*Short web captions*.

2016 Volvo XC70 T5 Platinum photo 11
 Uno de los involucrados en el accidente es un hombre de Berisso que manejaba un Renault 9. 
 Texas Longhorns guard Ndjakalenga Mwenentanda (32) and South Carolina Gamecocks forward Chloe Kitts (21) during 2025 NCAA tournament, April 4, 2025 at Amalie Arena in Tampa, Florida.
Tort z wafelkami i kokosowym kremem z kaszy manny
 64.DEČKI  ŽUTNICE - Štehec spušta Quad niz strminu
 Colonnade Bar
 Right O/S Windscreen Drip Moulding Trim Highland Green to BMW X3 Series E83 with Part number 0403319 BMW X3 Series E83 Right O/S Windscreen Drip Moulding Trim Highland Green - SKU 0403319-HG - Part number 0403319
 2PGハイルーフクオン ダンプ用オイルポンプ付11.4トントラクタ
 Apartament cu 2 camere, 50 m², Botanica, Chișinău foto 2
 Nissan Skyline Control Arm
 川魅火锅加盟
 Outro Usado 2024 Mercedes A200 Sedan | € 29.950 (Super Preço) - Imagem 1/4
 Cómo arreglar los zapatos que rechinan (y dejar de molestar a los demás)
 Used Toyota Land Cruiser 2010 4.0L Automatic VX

*TASK GOAL*. Send back the lines of the records word for word, from the very first through the line containing "Tort z wafelkami".

*RESPONSE AREA*.
2016 Volvo XC70 T5 Platinum photo 11
 Uno de los involucrados en el accidente es un hombre de Berisso que manejaba un Renault 9. 
 Texas Longhorns guard Ndjakalenga Mwenentanda (32) and South Carolina Gamecocks forward Chloe Kitts (21) during 2025 NCAA tournament, April 4, 2025 at Amalie Arena in Tampa, Florida.
Tort z wafelkami i kokosowym kremem z kaszy manny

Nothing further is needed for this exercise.